The district’s technology staff are refusing to take any blame for the fiasco, the Post reported, and their union is demanding that they receive additional “hazard pay” even though students and teachers still can’t connect for learning.

“In the immediate future, Fairfax teachers will refrain from real-time video instruction, and use tools such as Google Classroom, prerecorded videos and learning packets,” the district superintendent has decided, according to the Post. His solution includes hiring lawyers and convening committees to evaluate the failures. Who knows how long that will take. The Post notes a dad who decided to pull his daughter from the district and homeschool her for the rest of the year as a result of the chaos.

Fairfax is one of the highest-ranked school districts in the state and nation, and the tenth-largest in the country. It spends approximately $16,000 per student per year, according to federal data.

Fairfax’s online schooling difficulties, delays, and incompetence are not an anomaly as governors indefinitely suspend kids’ futures due to coronavirus mass death theories that are failing to materialize. A survey of 82 of the nation’s largest school districts, which educate nearly one-fifth of American school kids, found in late March that only 10 percent were providing defenestrated children “any kind of real curriculum and instruction program.”

U.S. News and World Report wrote of the survey:

None of the 82 districts they reviewed are attempting anything comprehensive, where, for example, students engage in live discussions with teachers and classmates. And just four districts – less than 5% of those reviewed – provide formal curriculum, online instruction and student progress monitoring.

Instead, the majority provide links to general online resources, but no direction on how to use them. Some districts – 38% of those reviewed – provide a curriculum, but not instruction.

An April 15 update found that approximately one-quarter of these districts were providing kids curriculum, instruction, and progress monitoring, up from the initial 10 percent. Half the school districts were providing curriculum — i.e. online resources — but nothing else. Numerous studies find that online learning is usually less effective than in-person and hard-copy learning, not just because of tech difficulties and loss of personal attention but because of the added distractions in the online environment.

Instead of instruction, school districts focused more on social concerns such as continuing taxpayer-funded feeding programs that both congregate people back into schools and duplicate several other federal and state food welfare programs. Numerous school districts have decided to either give all students a pass/fail grade or, as in the case of San Francisco, award all children As for this school year regardless of what they have learned.
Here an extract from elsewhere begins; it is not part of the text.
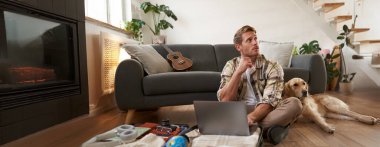 Köpekli bir adamın portresi, yerde oturuyor, bavul ve dizüstü bilgisayarı açık, internetten rezervasyon yaptırıyor veya alıyor, tatil planları yapıyor, tatile hazırlanıyor..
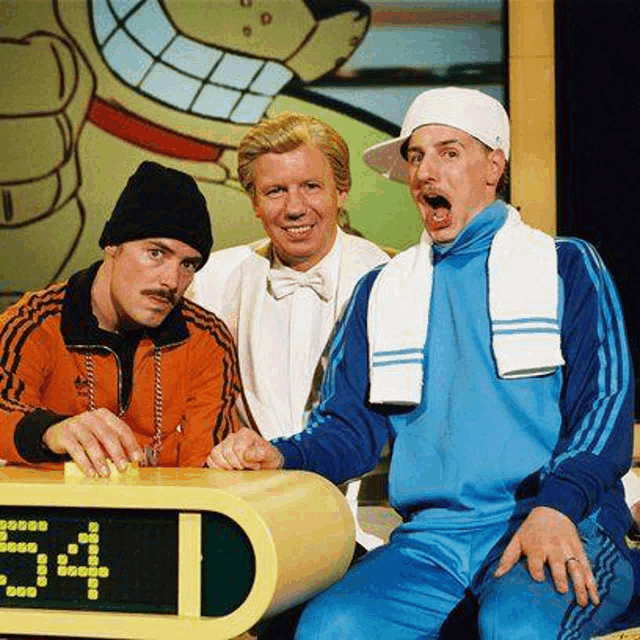 three men are sitting next to each other in front of a clock that says 3:41 .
Tech rollouts in public school districts have a long history of highly expensive failure. Perhaps most notoriously was Los Angeles’s 2013 attempt at giving every child a taxpayer-funded iPad. The media-sensationalized, $1.3 billion spend immediately flopped due to wave after wave of tech difficulties. In the end, Los Angeles got a $6.4 million settlement from Apple and online curriculum vendor Pearson over the mess, leaving taxpayers $1.29 billion in the hole for essentially zero benefit to students.

While governors have closed schools for the rest of the school year for at least half the nation’s children so far (the rest have closed them, at least currently, until May 1), as NPR notes a study in the prestigious medical journal Lancet found closing schools is one of the least effective ways to reduce coronavirus transmission. “Recent modelling studies of COVID-19 predict that school closures alone would prevent only 2-4% of deaths, much less than other social distancing interventions,” the authors wrote.

Other research suggests that the shutdown setback to kids just from lost math instruction alone will cost the U.S. economy trillions over their lifetimes, and the personal loss of tens of thousands of dollars in lost lifetime earnings. Lower incomes are linked with poorer health and earlier deaths.